Tuesday, January 22, 2013

Blog for Choice 2013: Its more complicated than that


Jennifer Rosenbaum, Guest Blogger (Boston University School of Medicine '15, Co-President, Medical Students for Choice)
This post is part of Blog for Choice 2013, launched by Boston Students for Sexual and Reproductive Justice (BSSRJ).

The first political position I can remember having is pro-choice.  I have this vivid memory of coming out into the backyard one day when I was in elementary school to see my mother putting a bumper sticker on our newly-cleaned car that read “A World of Wanted Children Would Make a World of Difference.”  I didn’t understand.  She explained to me that there was a procedure that allowed doctors to stop a baby from being born, if the mother wanted it.  Some people didn’t like this procedure.  “And you do, ” I said, content in my childhood vision of all issues as binary. “It’s more complicated than that,” she replied. 
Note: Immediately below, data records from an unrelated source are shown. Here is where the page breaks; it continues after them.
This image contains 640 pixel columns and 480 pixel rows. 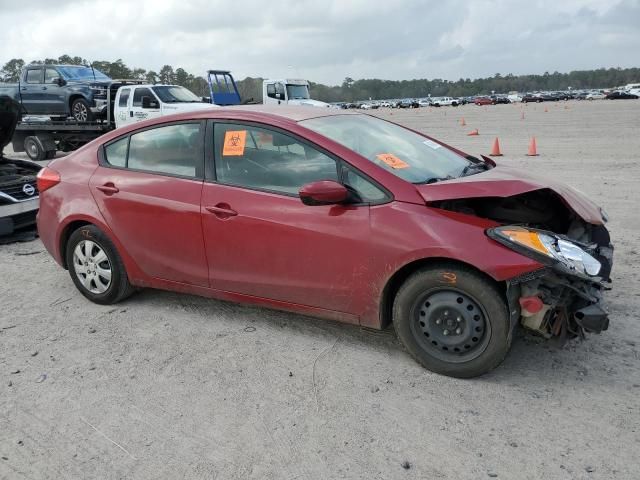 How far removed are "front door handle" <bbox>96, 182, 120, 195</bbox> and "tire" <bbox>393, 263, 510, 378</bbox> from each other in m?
2.35

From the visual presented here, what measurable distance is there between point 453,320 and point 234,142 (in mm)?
1905

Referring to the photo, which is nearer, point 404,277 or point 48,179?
point 404,277

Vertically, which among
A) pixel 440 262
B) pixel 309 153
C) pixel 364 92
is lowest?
pixel 440 262

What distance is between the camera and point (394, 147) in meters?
3.96

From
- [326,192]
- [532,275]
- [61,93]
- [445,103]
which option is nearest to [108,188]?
[326,192]

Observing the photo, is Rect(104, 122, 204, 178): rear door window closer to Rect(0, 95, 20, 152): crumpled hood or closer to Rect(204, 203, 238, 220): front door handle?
Rect(204, 203, 238, 220): front door handle

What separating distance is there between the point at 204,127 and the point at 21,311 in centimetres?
219

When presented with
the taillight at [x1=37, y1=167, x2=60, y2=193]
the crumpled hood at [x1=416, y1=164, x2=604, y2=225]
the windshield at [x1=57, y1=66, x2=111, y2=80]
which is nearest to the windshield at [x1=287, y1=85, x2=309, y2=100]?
the windshield at [x1=57, y1=66, x2=111, y2=80]

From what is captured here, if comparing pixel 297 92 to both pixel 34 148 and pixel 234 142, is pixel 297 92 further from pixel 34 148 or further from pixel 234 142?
pixel 234 142

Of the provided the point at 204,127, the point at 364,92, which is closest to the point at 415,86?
the point at 364,92

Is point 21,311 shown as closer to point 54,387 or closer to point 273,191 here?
point 54,387

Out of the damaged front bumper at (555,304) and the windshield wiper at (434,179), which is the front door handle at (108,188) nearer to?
the windshield wiper at (434,179)

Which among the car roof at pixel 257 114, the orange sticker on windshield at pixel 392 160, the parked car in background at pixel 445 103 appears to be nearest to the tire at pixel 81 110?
the car roof at pixel 257 114

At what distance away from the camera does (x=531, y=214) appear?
3600mm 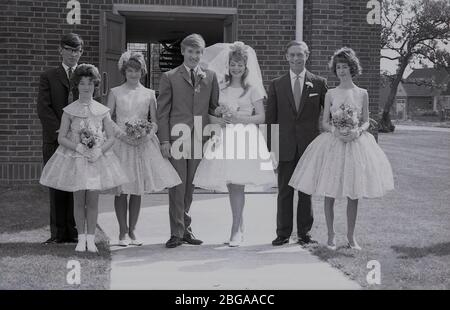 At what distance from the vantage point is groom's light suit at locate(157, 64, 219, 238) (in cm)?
650

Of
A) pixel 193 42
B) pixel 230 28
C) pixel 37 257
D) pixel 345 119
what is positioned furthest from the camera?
pixel 230 28

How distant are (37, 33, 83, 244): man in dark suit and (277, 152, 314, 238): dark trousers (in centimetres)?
218

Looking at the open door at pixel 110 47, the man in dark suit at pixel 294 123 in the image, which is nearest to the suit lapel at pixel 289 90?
the man in dark suit at pixel 294 123

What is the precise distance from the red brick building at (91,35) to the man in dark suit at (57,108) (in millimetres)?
3404

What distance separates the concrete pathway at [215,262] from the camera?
5125 mm

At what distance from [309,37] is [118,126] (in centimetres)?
495

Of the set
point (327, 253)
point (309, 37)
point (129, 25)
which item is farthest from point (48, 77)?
point (129, 25)

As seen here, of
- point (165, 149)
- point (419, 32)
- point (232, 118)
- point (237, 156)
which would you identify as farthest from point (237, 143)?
point (419, 32)

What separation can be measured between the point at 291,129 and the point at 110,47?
4450 mm

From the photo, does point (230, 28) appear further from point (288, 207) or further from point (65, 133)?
point (65, 133)

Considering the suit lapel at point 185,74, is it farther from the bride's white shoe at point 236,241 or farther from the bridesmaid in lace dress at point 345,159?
the bride's white shoe at point 236,241

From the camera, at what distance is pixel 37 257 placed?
5.85 metres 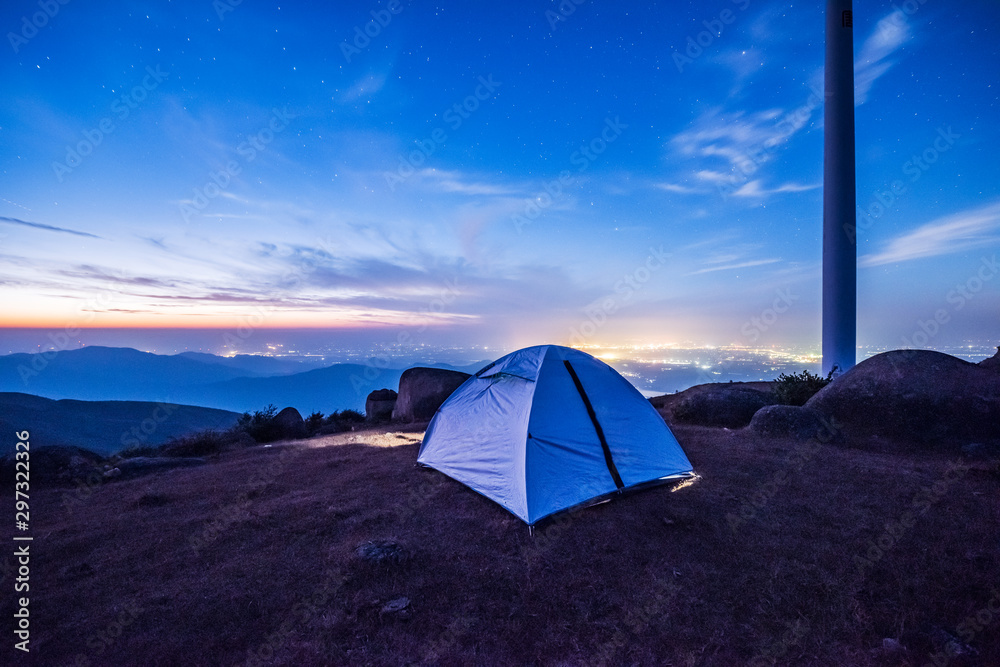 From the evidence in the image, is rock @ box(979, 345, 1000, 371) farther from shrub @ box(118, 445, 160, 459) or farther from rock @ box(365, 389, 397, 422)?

It’s more complicated than that.  If there’s one phrase that sums up the horror of the politicking, opinion-mongering, slurs, reducto ad absurdum images, and vitriol of the abortion battle that’s it.  Somewhere in all this mess is often lost that each woman who considers terminating her pregnancy is her own unique story – none of them straightforward.  She may want that child desperately, but know she’s unable to care for it at this moment in time.  She may be adamantly anti-choice, a strong political pro-lifer, but know that being pregnant or having a child right now will dramatically alter her life for the worse.  She may be adamantly pro-choice, but still feel that she has some responsibility to her partner, her parents, her potential motherhood to carry to term.  It’s more complicated than that.

Wouldn’t it be wonderful if the women who made these choices could tell us about the confusion, the guilt, the sadness, the relief, the anger, the frustration, or the comfort of their processes?  Wouldn’t it be better if we could agree that no one plans to get an abortion, and we could focus instead on making them as comfortable and non-scary as possible?  Shouldn’t we, as future medical professionals, learn to create a safe space for airing all these thoughts and issues – no matter the end decision?  At the very least, as we commemorate the struggles behind us and the ones still to come, let’s acknowledge that this is, finally, about choices women make mostly alone and mostly after much painful and difficult thought.  It is a choice that is very, very much more complicated than that.